The VLC research started four years ago and was incorporated into the EU-funded Omega project that launched in 2008. Omega aims to increase wireless bandwidth for homes and offices to 1 Gbps, using VLC and radio frequency technologies. "The goal for VLC is to demonstrate 100 Mbps by modulation of ceiling lighting, and the work is going according to plan," said Jelena Vucic research scientist at the Heinrich Hertz Institute in Germany. VLC partners successfully demonstrated an VLC implementation earlier this year at the Omega Open Event 2010, operating at 84 Mbps and transmitting three parallel HD video signals.

Transmitting light indoors causes challenges from reflections and multipath interference as the light rays bounce off the walls and cause the signals to interfere with each other. The high data rates are only possible with a direct line of sight between the light and the receiver.
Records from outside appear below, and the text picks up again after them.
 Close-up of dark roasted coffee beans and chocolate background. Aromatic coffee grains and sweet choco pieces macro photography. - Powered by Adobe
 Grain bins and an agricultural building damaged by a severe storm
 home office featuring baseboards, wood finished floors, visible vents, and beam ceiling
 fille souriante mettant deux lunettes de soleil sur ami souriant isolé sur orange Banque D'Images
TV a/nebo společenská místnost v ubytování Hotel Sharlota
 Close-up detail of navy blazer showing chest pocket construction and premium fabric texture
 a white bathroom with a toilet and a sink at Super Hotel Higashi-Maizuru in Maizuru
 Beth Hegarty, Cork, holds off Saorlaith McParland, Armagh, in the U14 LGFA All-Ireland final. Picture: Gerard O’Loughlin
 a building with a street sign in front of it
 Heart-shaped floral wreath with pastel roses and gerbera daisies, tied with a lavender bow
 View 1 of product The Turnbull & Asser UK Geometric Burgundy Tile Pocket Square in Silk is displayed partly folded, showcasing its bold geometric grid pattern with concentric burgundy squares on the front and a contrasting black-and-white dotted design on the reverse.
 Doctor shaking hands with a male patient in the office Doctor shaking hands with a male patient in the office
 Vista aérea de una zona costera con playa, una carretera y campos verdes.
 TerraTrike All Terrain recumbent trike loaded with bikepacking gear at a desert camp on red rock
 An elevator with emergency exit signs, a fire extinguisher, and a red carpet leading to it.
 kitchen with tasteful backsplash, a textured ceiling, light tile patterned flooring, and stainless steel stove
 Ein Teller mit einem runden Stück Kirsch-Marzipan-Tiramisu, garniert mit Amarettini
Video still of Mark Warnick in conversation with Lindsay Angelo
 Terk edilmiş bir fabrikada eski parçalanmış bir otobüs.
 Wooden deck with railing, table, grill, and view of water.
Data can also be transmitted with the diffuse light that reflects off the walls for uses outside a line of sight, but the data rates are much lower.

Improved Modulation Techniques

Current white LEDs are built using blue LEDs that energize a layer of phosphorous material, causing it to glow white. The blue LED itself can be rapidly turned on and off, making it easy to modulate with a digital signal. However, the phosphor has a much slower response time, so the researchers use a filter on the receiver to isolate the blue light, which improves the data rate.

Efficient modulation of the LED also requires a special driver-amplifier design, which has been a major challenge for the project. "The main hindrance to achieving high data rates is the limited system bandwidth due to the LED itself or its driver," said Vucic, "even with blue filtering."

The simplest modulation scheme uses on-off keying, which turns the light rapidly on and off, but this only allows a data rate of 1 bit/second/Hz. To achieve higher data rates, the researchers have been investigating two separate modulation schemes: discrete multitone modulation (DMT) and multilevel pulsed-amplitude modulation (M-PAM). DMT systems have achieved link spectral efficiencies of up to 4 bits/second/Hz.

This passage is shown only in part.